LogLog - find the number of unique elements

    Hello, Habr! You and I have already indulged in the Bloom and MinHash filters . Today we’ll talk about another probabilistic-randomized algorithm that allows you to determine the approximate number of unique elements in large amounts of data with minimal memory costs.

    To begin with, let us set ourselves the task: suppose that we have a large amount of textual data - say, the fruits of the literary work of the notorious Shakespeare, and we need to calculate the number of different words found in this volume. A typical solution is a counter with a truncated hash table, where the keys are words without the values ​​associated with them.
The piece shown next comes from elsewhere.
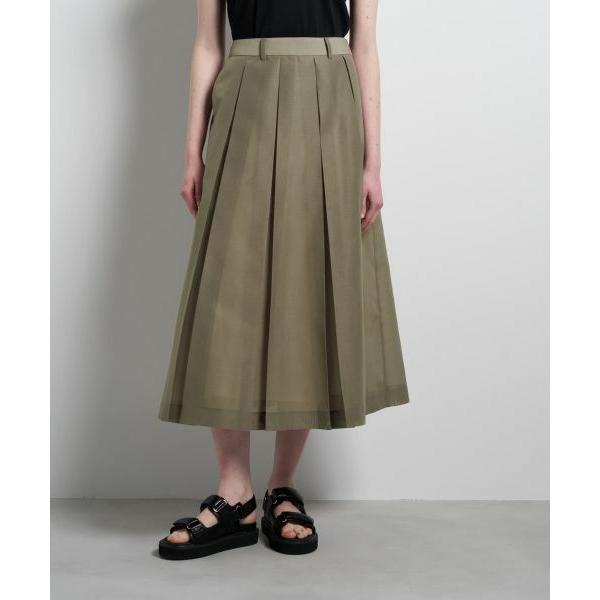 LANVIN en Bleu / ランバン オン ブルー シアーボックスプリーツスカート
    The way is good for everyone, but it requires a relatively large amount of memory for its work, but as you know, we are restless geniuses of efficiency. Why a lot, if not enough - the approximate size of the vocabulary of Shakespeare mentioned above can be calculated using only 128 bytes of memory.


    Idea


    As usual, we need some kind of hash function; accordingly, not the data itself, but their hashes will come to the input of the algorithm. The task of the hash function, as is usually the case in randomized algorithms, is to turn ordered data into “random” data, that is, in a more or less uniform spread of the definition domain over the range of values. For the test implementation, I chose FNV-1a as a nice and simple hash function:

    function fnv1a(text)
    {
        var hash = 2166136261;
        for (var i = 0; i < text.length; ++i)
        {
            hash ^= text.charCodeAt(i);
            hash += (hash << 1) + (hash << 4) + (hash << 7) + (hash << 8) + (hash << 24);
        }
        return hash >>> 0;
    }

    Well, turn on the brain and look at the hashes that it gives in binary representation: Pay attention to the index of the first nonzero low-order bit for each hash, add one to this index and call it rank (rank (1) = 1, rank (10 ) = 2, ...):

    fnv1a('aardvark') = 10011000000000011101001000110011
    fnv1a('abyssinian') = 00101111000100001010001000111100
    fnv1a('accelerator') = 10111011100010100010110001010100
    fnv1a('accordion') = 01110101110001001110100000011001
    fnv1a('account') = 00101001010011111100011101011100
    fnv1a('accountant') = 00101010011011111100111100101101
    fnv1a('acknowledgment') = 00001010000100111000001111101000
    fnv1a('acoustic') = 11110011101011111110010101100010
    fnv1a('acrylic') = 11010010011100110111010111011000
    fnv1a('act') = 00101101010010100100010110001011




    function rank(hash)
    {
        var r = 1;
        while ((hash & 1) == 0 && r <= 32) { ++r; hash >>>= 1; }
        return r;
    }

    The probability that we will have a hash with a rank of 1 is 0.5, with a rank of 2 - 0.25, and with a rank of r - 2 - r . In other words, among 2 r hashes, one hash of rank r must meet . In other words, if we remember the largest R rank detected , then 2 R will fit in as a rough estimate of the number of unique elements among those already viewed.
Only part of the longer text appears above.